*** GIVEN RECORDS ***
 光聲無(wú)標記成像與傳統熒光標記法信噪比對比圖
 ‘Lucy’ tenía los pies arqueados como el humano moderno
*** End of GIVEN RECORDS ***
*** GIVEN RECORDS ***
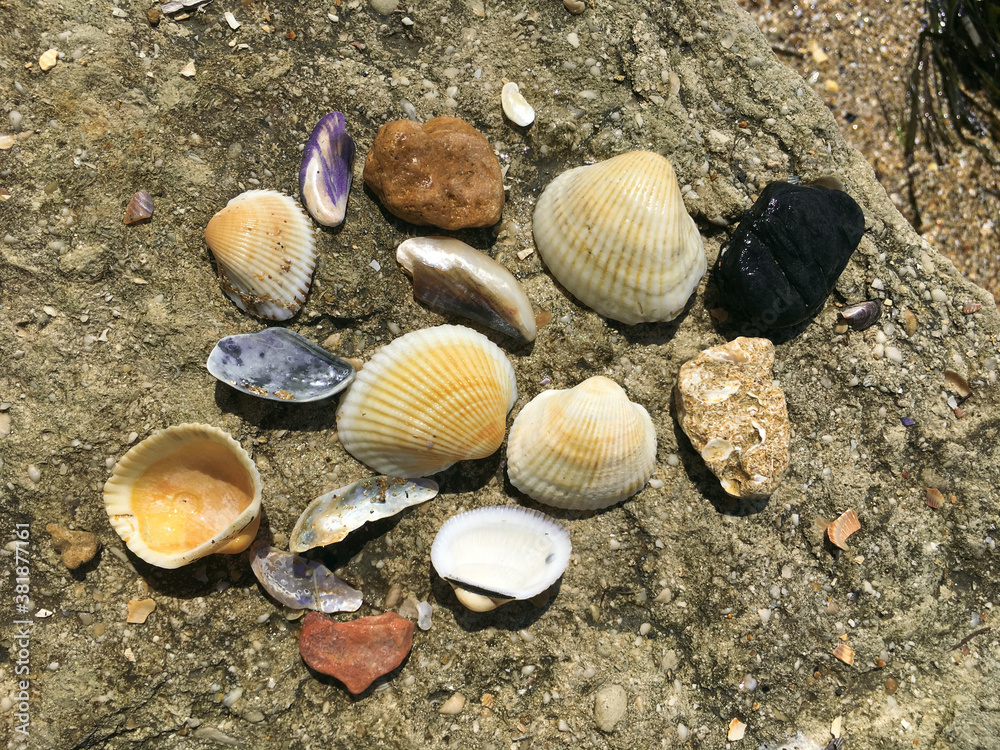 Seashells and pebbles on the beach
*** End of GIVEN RECORDS ***
### DESCRIPTION OF THE TASK
Take the stretch of lines above from the one containing "光聲無(wú)標記成像與傳統熒光標記法信噪比對比圖" through the one containing "el humano moderno" and repeat it exactly, adding no other line.

### EXPECTED ANSWER
 光聲無(wú)標記成像與傳統熒光標記法信噪比對比圖
 ‘Lucy’ tenía los pies arqueados como el humano moderno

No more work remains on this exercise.